[Crawled caption data]
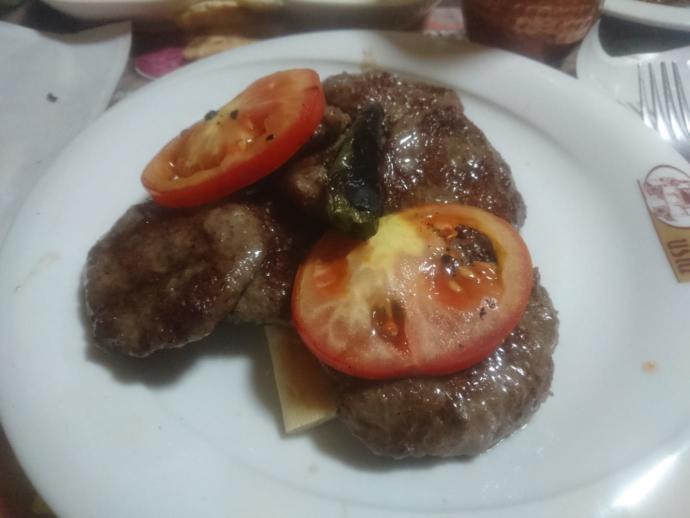 Türkiyenin Meşhur Köftecisini Tadımlamak İçin Sivasa Gidiyoruz! Köfteci Kirli Ahmet Usta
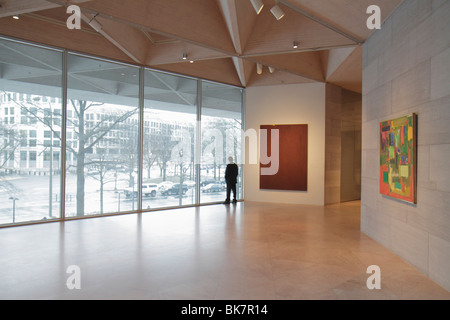 Washington DC, National Mall, National Gallery of Art, East building, architetto I. M. Pei, museo, mostra collezione moderna, contemporanea, vetro w Foto Stock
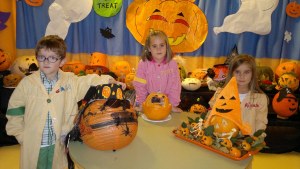 Ganadores del concurso con sus calabazas.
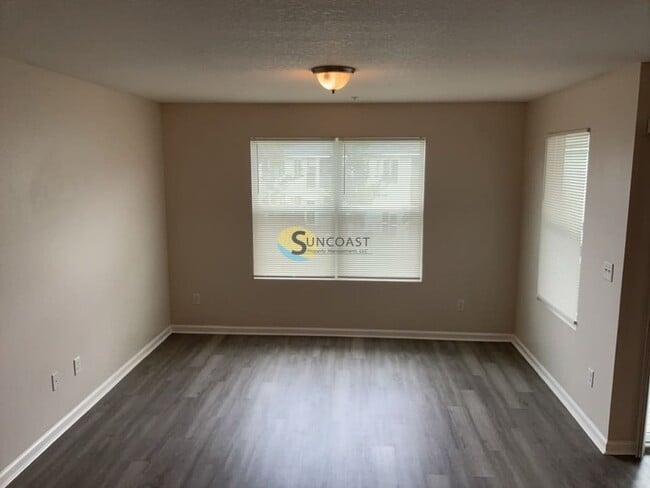 Foto del edificio - 9243 Western Way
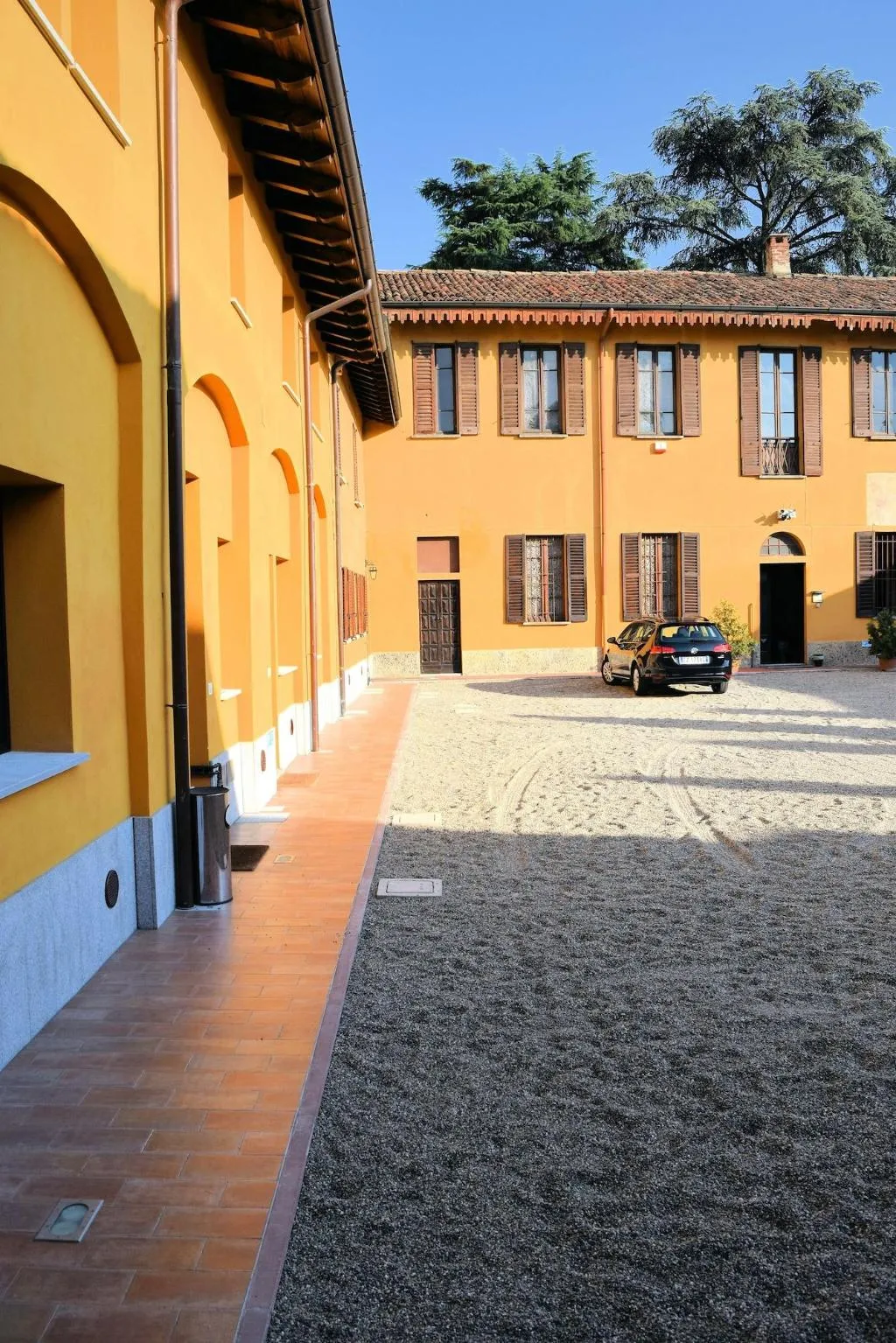 Lobby, Corte Certosina, Milan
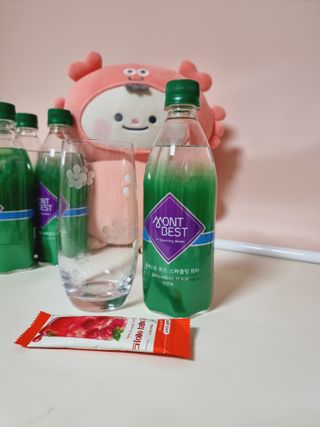 몽베스트 Montbest with Sparkling water Plain 20병 — 5점을 준 리뷰어가 2021년 10월 올린 사용 사진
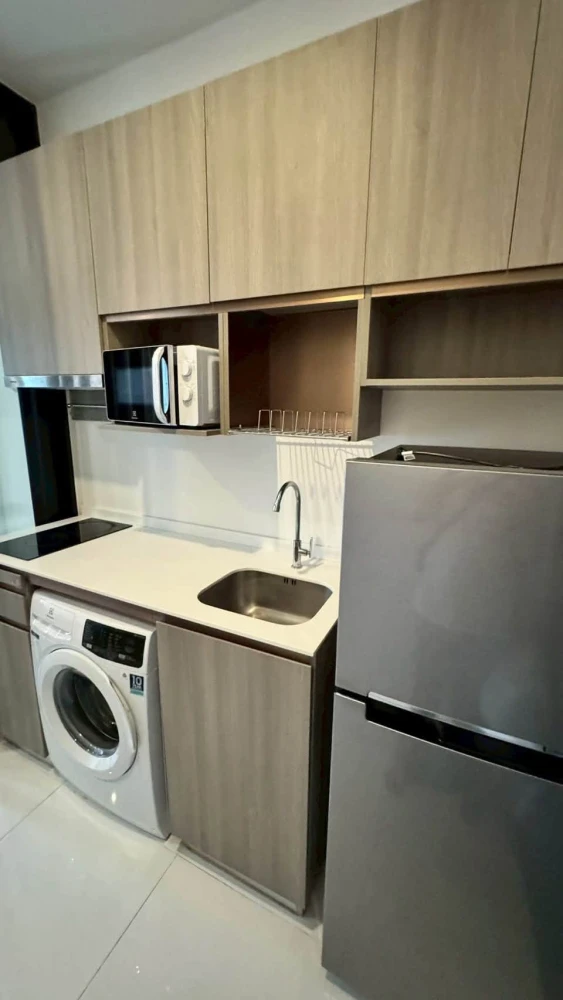 Studio apartment for rent at KnightsBridge Prime On-Nut. Fully furnished, just bring your bags and move in!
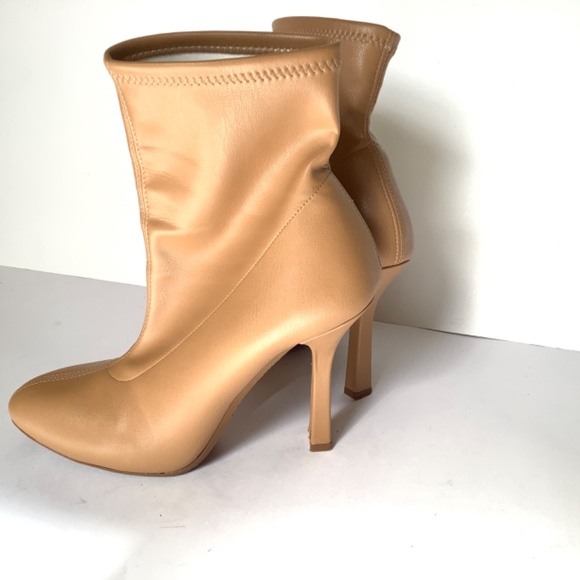 Casadei ankle beige booties 38.5 - Picture 14 of 16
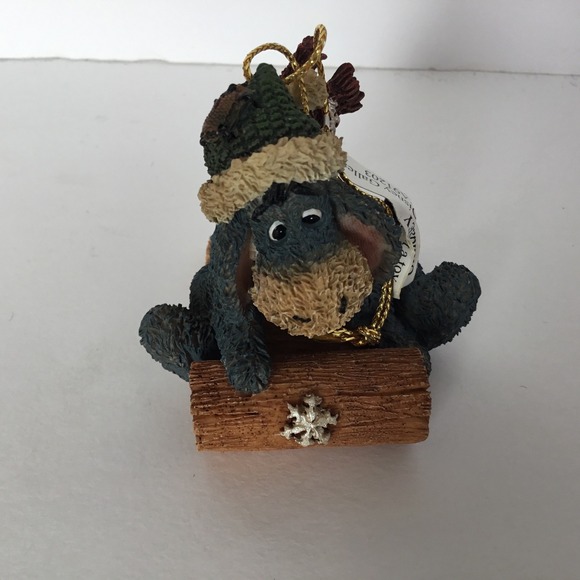 Boyds Collection Pooh Bears Winter Holiday Eeyore with Christmas Ornament - Picture 10 of 16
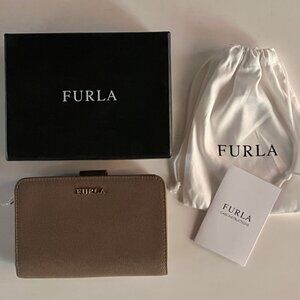 Furla Babylon M zip around leather wallet in beige. Brand new with tags in box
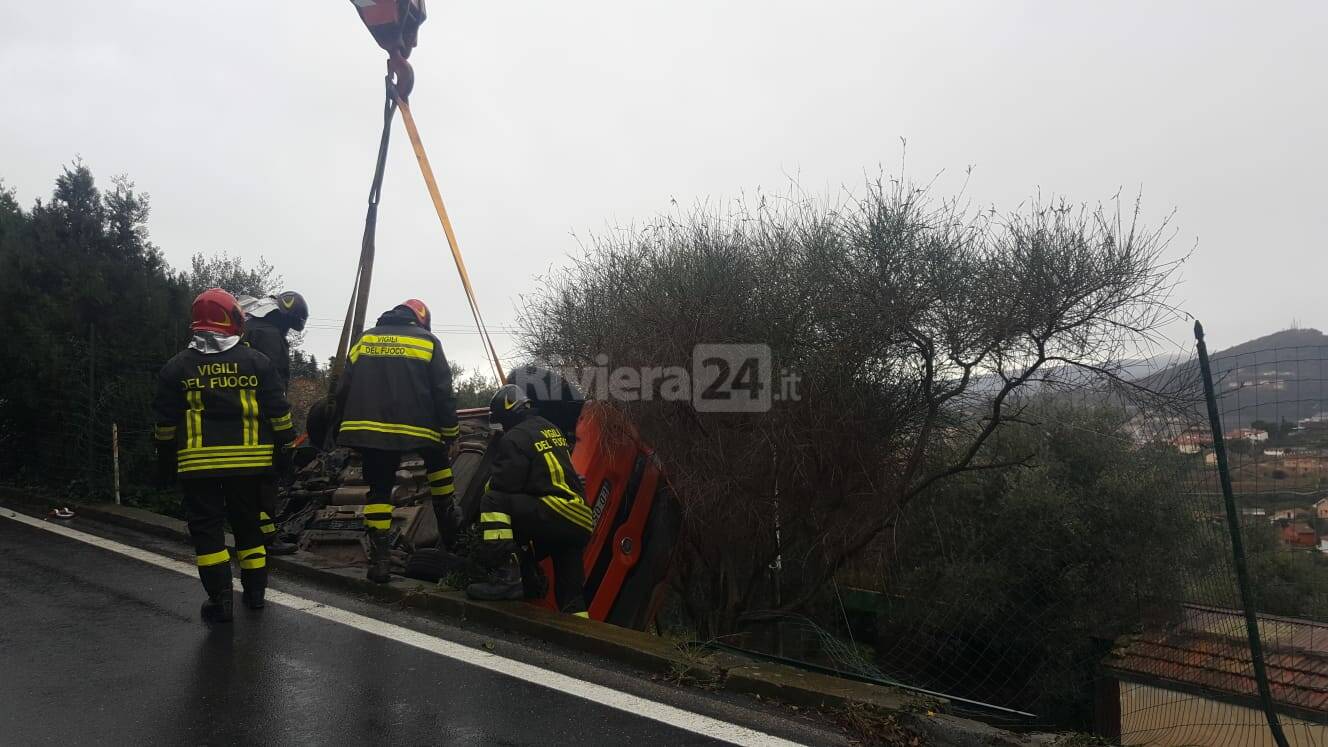 Imperia, auto fuori strada in via Diano Calderina: conducente illesa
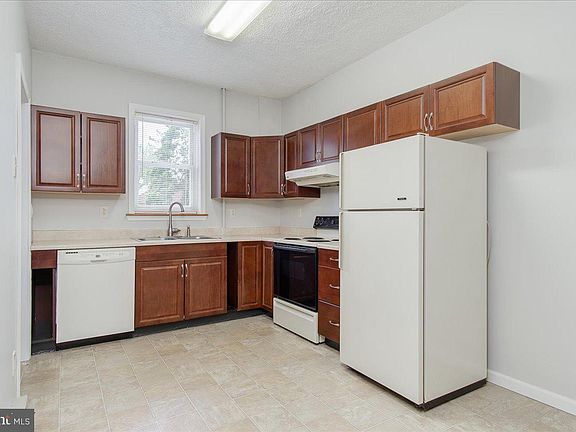 4th image of 139 East Ave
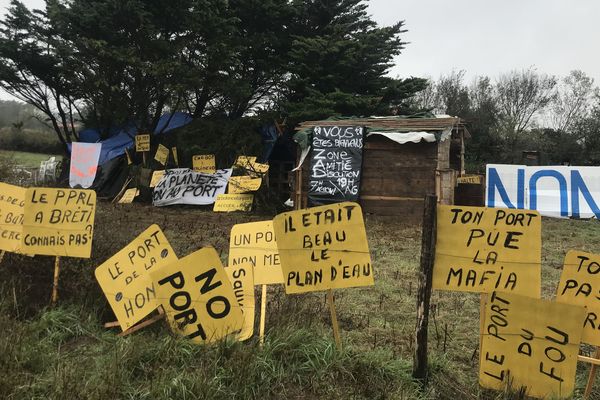 Les opposants au port de Brétignolles se sont installés sur le site, 8 octobre 2019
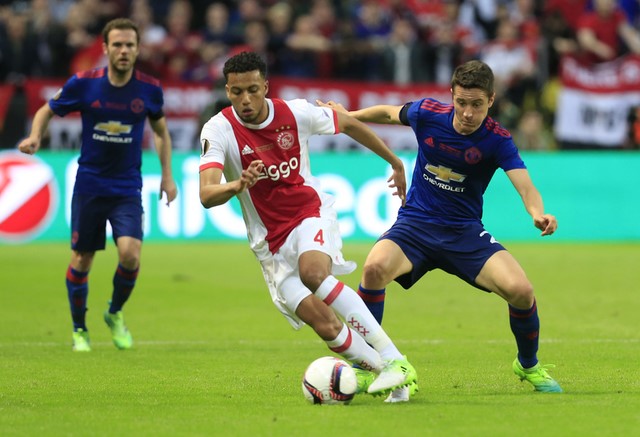 © Reuters. Ajax's Jairo Riedewald in action with Manchester United's Ander Herrera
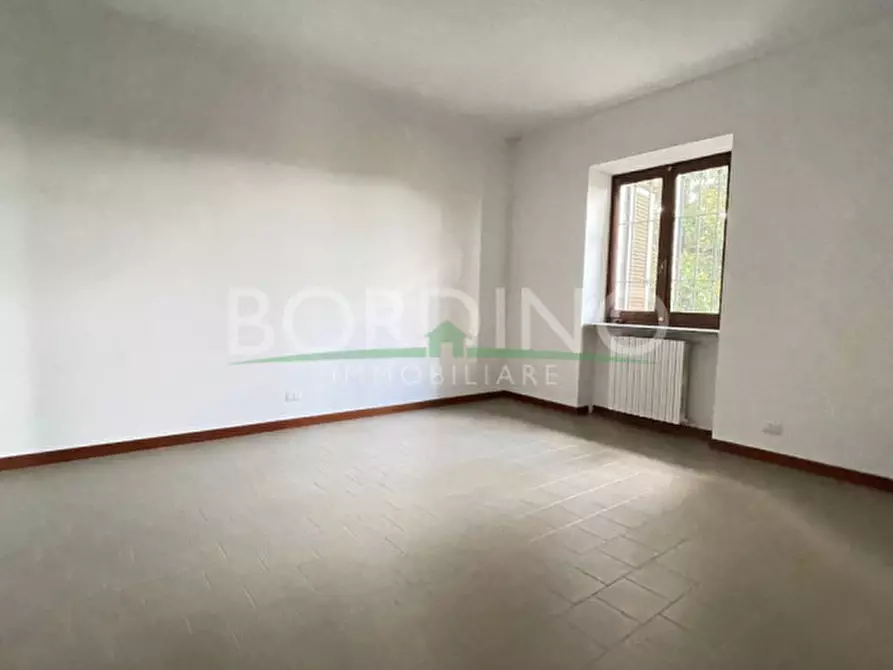 Immagine 12 di Appartamento in affitto  a Govone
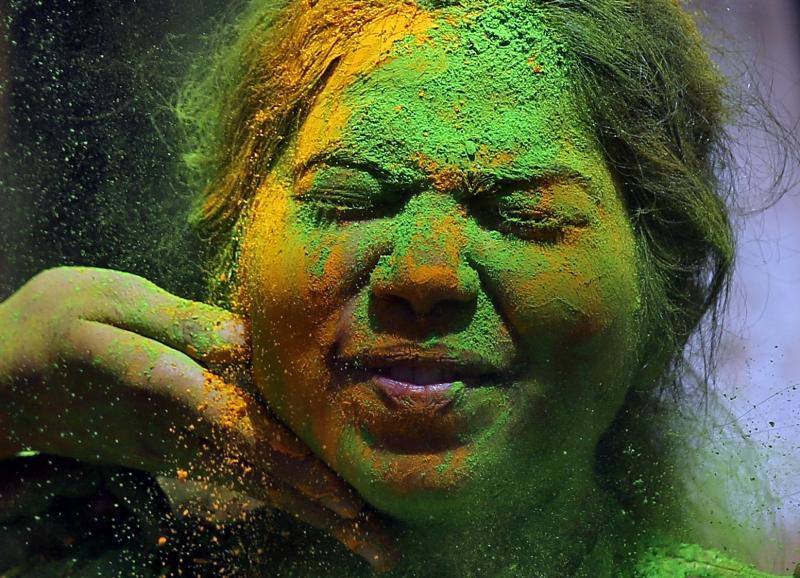 Entre el 20 y el 21 de marzo, como cada año, millones de devotos de la conservadora sociedad de la India pierden el recato en la fiesta más alegre del hinduismo, Holi, y se lanzan a las calles de las ciudades y aldeas en una aventura de jarana para cubrirse con kilos de polvos y tinturas de colores, y venerar a Krishna, el dios del amor, en el día del equinoccio de primavera.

Your instructions
From the line holding "Furla Babylon M" to the final line of the data above, give each line again exactly, both ends included, and drop the pictures.

Output for this task
 Furla Babylon M zip around leather wallet in beige. Brand new with tags in box
 Imperia, auto fuori strada in via Diano Calderina: conducente illesa
 4th image of 139 East Ave
 Les opposants au port de Brétignolles se sont installés sur le site, 8 octobre 2019
 © Reuters. Ajax's Jairo Riedewald in action with Manchester United's Ander Herrera
 Immagine 12 di Appartamento in affitto  a Govone
 Entre el 20 y el 21 de marzo, como cada año, millones de devotos de la conservadora sociedad de la India pierden el recato en la fiesta más alegre del hinduismo, Holi, y se lanzan a las calles de las ciudades y aldeas en una aventura de jarana para cubrirse con kilos de polvos y tinturas de colores, y venerar a Krishna, el dios del amor, en el día del equinoccio de primavera.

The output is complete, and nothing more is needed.